For me it was just a regular day at Summit Junior High. I was twelve years old, and I’ll never forget that spring morning, getting pulled out of class and taken down to the principal’s office. The principal’s face was pale, and he kept mumbling something about how sorry he was, how sorry. I stood there in silence. Sorry about what? And there was this look on both the principal’s and the secretary’s faces. I now understand that look. It’s the look of a person trying to tell you—but they can’t find the words—that somebody died. Man, that’s an ill look.
The principal told me, “Tracy, you need to go home now. Something terrible has happened.”
That word hung in the silence of the office. I mean when you’re twelve years old, that word terrible does nothing but amplify the fear and anxiety about whatever’s coming at you.
I left the office. I don’t remember getting into a car, but somebody must’ve driven me to my aunt’s house. My aunt, whose eyes looked swollen, told me what happened.
“Tracy, your dad just passed.”
Both of my parents died really young—still in their thirties—of massive heart failure, four years apart. I was still so young that the experiences of both of my parents’ deaths are kind of blurred together in my mind. And being an only child, I was going through all of it in my own little bubble.
The first thing that happens is you get shuttled off into this place where everyone is trying to protect you. The wake and funeral is happening, and you can see all the adults getting dressed in black, and preparing the flowers. But they keep you away, sheltering you from the reality of death. All these grown folks are wailing and sniffling, but they try to hide it from you, since you’re a kid. All day long, these older people are coming at you, saying, “Tracy, are you okay?”
“Yeah, I’m all right.”
“Are you sure you’re okay?”
Here’s what’s real strange. Everybody—all the adults around me, I mean—expected me to be losing my shit. Just trippin’. And not only was I not trippin’, I was not even engaged in it. It was almost like I had the ability to will myself into this zone where it really didn’t seem to be happening to me. I was emotionally about a million miles away from all the adults, all the crying and the handkerchiefs, and I just had one thought in my mind:
So what’s next? What’s the next move?
Yeah, I was detached. But looking back on my childhood, I don’t think there was an attachment. In other words, even when I was a little kid and I’d fall off my bike, skin my knees and want to cry, there was nobody to really cry to. So I learned to suck it up really quick. I’d hit the ground, dust my ass off and not show anybody that I was fucked up. I wasn’t one of these kids who was always coming home with hurt feelings, running to hug my mother. None of that clingy, emotional shit was my reality. I grew up in a nonaffectionate household. I think kids are trained to know what they’re going to get, and once they get a taste of it, they’ll always want more. It’s like that shit with Pavlov’s dog. If you cuddle a kid a lot, he’ll want more cuddling. If you don’t, he’ll just accept that as his reality. He doesn’t look for the added affection.

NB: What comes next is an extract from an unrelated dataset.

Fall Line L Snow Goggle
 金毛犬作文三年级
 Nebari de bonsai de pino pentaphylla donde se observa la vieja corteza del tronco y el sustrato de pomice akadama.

Everybody in the family was bugging out that I didn’t cry when my father died. They remembered how I hadn’t shed a tear for my mother, either. But I just wasn’t built like that. Wasn’t wired like that. I didn’t have an ounce of self-pity in my bones. It didn’t hit me, Damn, I’m an orphan. Even as a twelve-year-old kid, I knew I was going to have to make it on my own, and my survival instincts were kicking in.